→ WHAT YOU NEED TO DO
Below are entries with pictures in them. Output exactly the lines starting at the line with "And then just" and ending at the line with "Now I have a", both included, but not the pictures.

→ MATERIAL FOR THIS EXERCISE

== Segment start ==

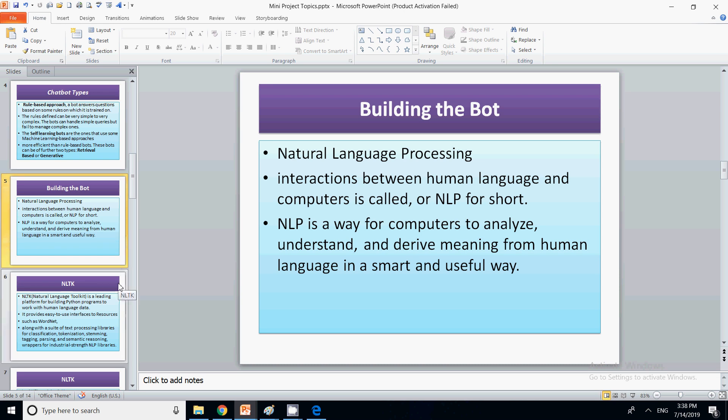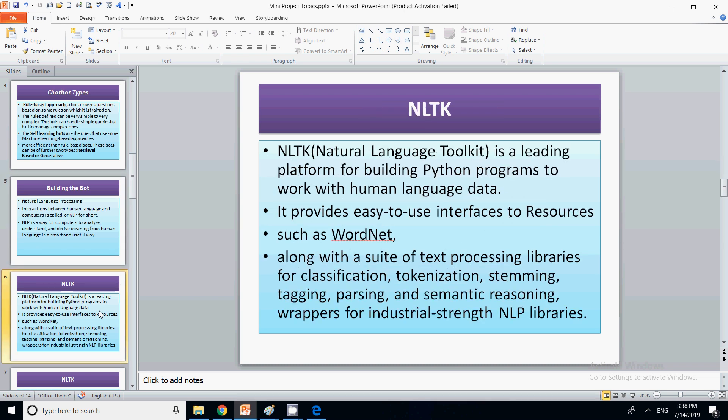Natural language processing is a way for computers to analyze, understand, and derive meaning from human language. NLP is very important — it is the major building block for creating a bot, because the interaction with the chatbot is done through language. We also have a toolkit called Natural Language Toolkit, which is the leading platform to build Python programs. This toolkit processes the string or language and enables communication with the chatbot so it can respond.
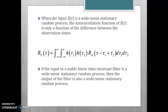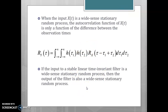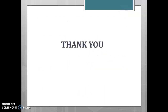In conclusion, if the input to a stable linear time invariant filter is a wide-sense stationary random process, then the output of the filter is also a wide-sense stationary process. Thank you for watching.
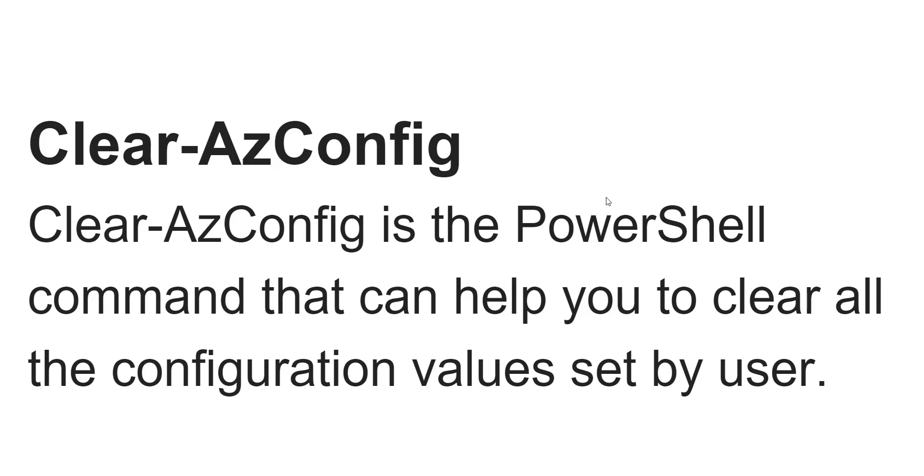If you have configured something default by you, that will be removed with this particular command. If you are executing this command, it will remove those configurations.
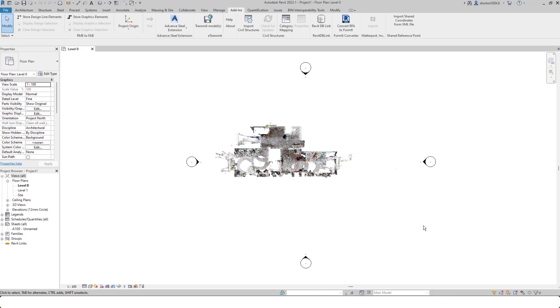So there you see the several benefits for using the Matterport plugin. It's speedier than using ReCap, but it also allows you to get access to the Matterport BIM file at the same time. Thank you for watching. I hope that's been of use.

== Segment end ==
== Segment start ==

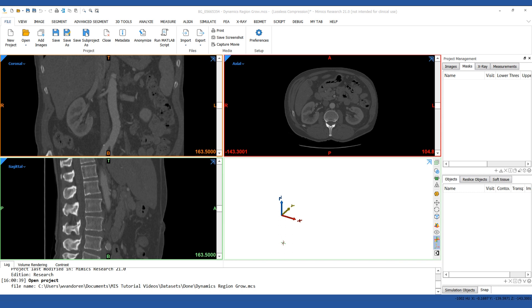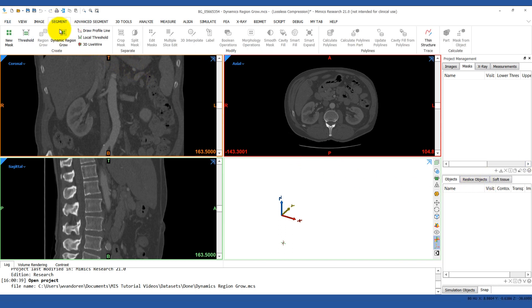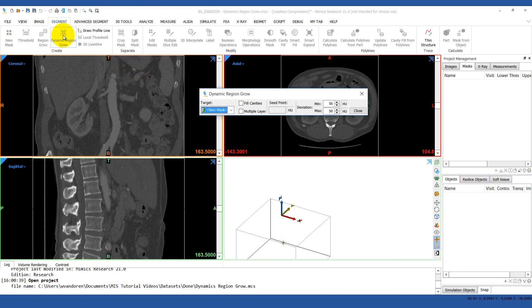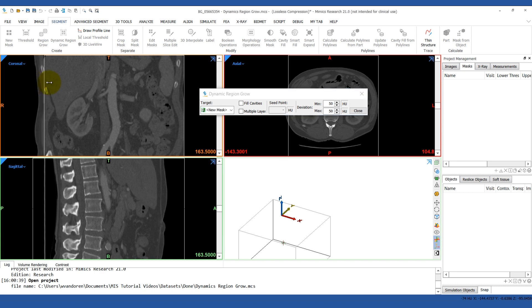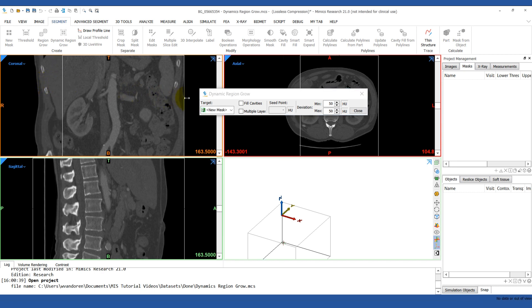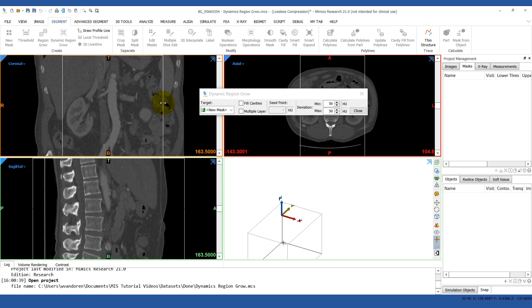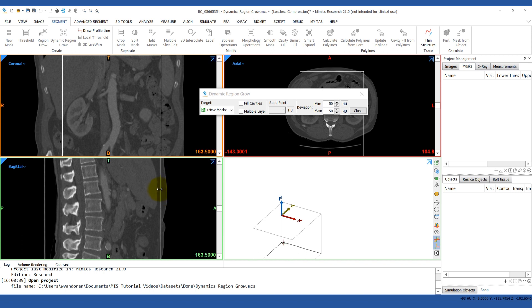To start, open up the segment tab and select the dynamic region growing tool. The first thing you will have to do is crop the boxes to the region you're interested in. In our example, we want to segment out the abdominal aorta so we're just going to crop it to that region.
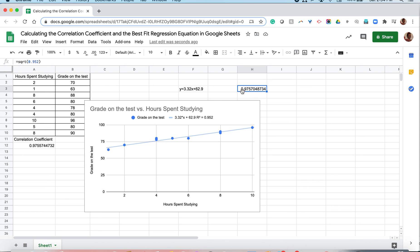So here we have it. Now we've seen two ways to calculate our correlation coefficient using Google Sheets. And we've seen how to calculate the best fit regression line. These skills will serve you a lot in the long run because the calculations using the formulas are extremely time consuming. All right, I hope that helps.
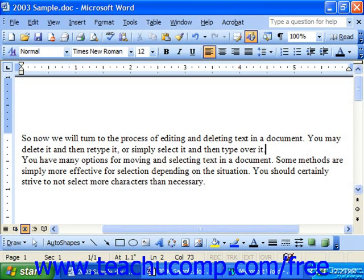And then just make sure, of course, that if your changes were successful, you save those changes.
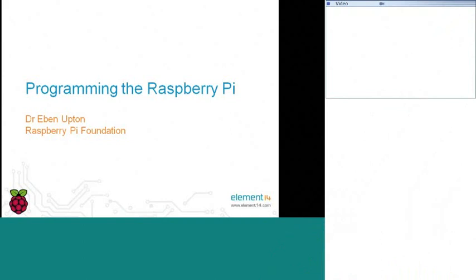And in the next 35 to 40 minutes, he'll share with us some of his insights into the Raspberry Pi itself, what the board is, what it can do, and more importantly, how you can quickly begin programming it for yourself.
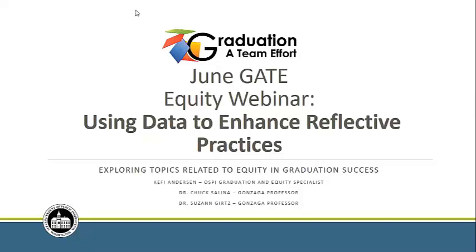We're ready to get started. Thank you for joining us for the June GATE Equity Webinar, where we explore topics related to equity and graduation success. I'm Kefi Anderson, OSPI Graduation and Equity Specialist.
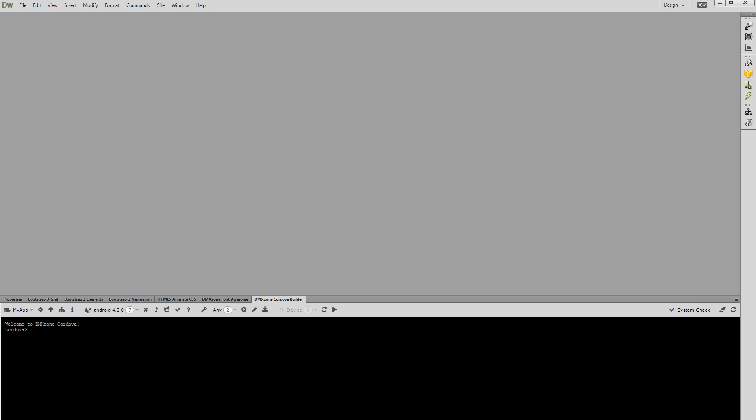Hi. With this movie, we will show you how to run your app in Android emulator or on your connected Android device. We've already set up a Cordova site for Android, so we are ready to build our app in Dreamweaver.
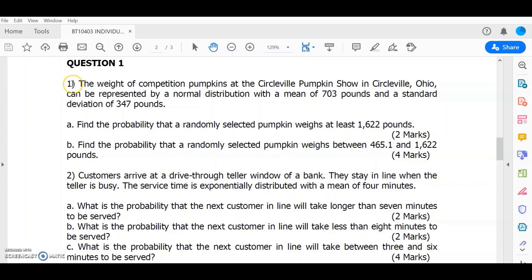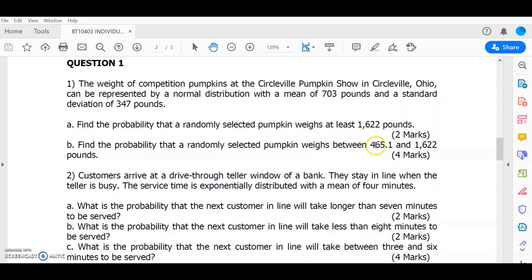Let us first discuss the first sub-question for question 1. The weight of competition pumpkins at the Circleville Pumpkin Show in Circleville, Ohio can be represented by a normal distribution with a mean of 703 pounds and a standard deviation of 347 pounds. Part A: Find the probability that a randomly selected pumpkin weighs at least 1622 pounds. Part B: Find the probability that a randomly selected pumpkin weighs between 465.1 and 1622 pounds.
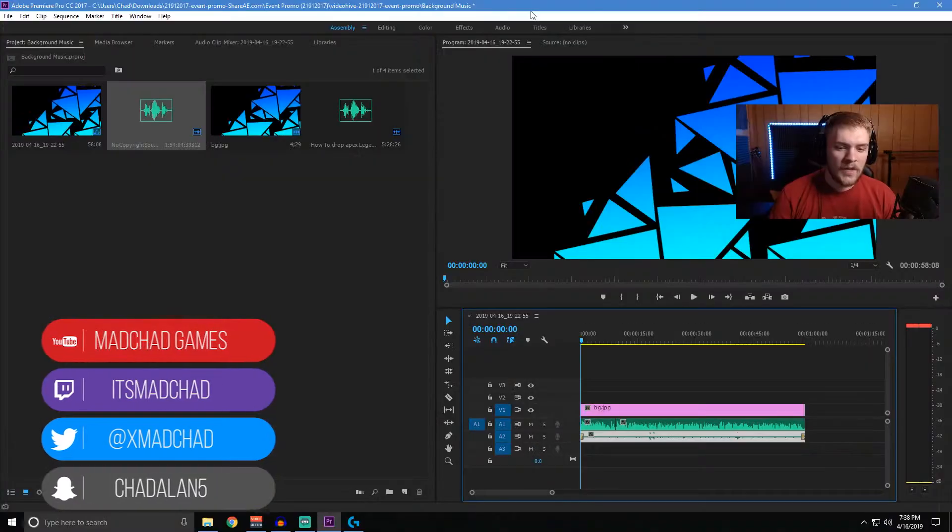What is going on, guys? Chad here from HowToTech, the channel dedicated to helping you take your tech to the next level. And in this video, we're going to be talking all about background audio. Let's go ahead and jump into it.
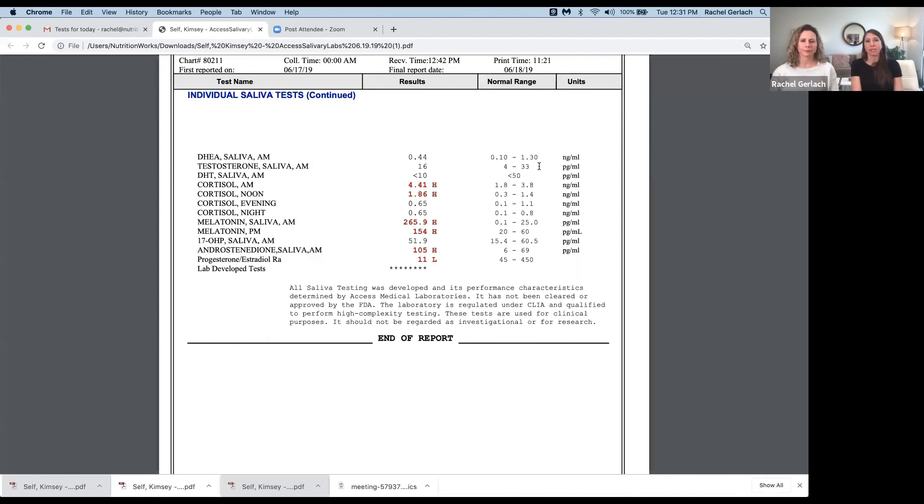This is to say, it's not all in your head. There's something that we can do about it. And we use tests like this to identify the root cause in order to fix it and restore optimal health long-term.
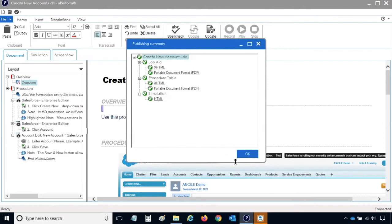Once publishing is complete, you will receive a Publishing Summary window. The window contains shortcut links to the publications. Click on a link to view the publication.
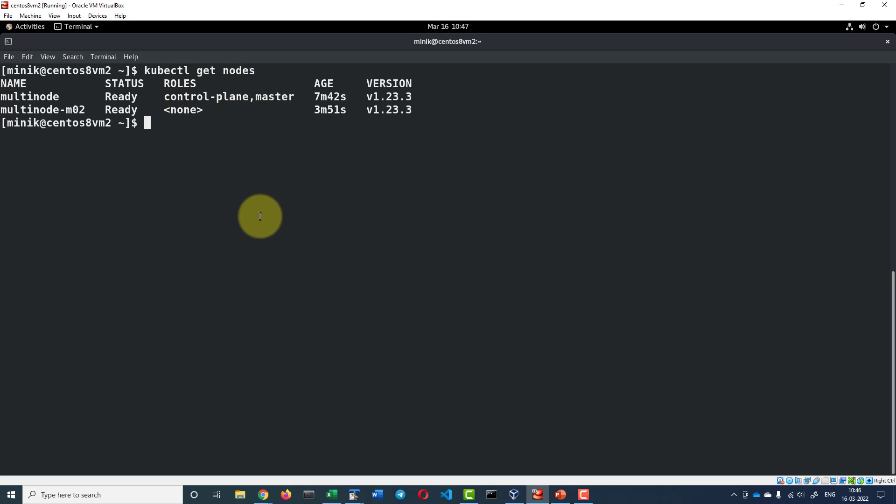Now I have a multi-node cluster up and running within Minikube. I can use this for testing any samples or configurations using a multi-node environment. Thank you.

== Segment end ==

→ EXERCISE RESPONSE
And then just make sure, of course, that if your changes were successful, you save those changes.
And in the next 35 to 40 minutes, he'll share with us some of his insights into the Raspberry Pi itself, what the board is, what it can do, and more importantly, how you can quickly begin programming it for yourself.
We're ready to get started. Thank you for joining us for the June GATE Equity Webinar, where we explore topics related to equity and graduation success. I'm Kefi Anderson, OSPI Graduation and Equity Specialist.
Hi. With this movie, we will show you how to run your app in Android emulator or on your connected Android device. We've already set up a Cordova site for Android, so we are ready to build our app in Dreamweaver.
Let us first discuss the first sub-question for question 1. The weight of competition pumpkins at the Circleville Pumpkin Show in Circleville, Ohio can be represented by a normal distribution with a mean of 703 pounds and a standard deviation of 347 pounds. Part A: Find the probability that a randomly selected pumpkin weighs at least 1622 pounds. Part B: Find the probability that a randomly selected pumpkin weighs between 465.1 and 1622 pounds.
What is going on, guys? Chad here from HowToTech, the channel dedicated to helping you take your tech to the next level. And in this video, we're going to be talking all about background audio. Let's go ahead and jump into it.
This is to say, it's not all in your head. There's something that we can do about it. And we use tests like this to identify the root cause in order to fix it and restore optimal health long-term.
Once publishing is complete, you will receive a Publishing Summary window. The window contains shortcut links to the publications. Click on a link to view the publication.
Now I have a multi-node cluster up and running within Minikube. I can use this for testing any samples or configurations using a multi-node environment. Thank you.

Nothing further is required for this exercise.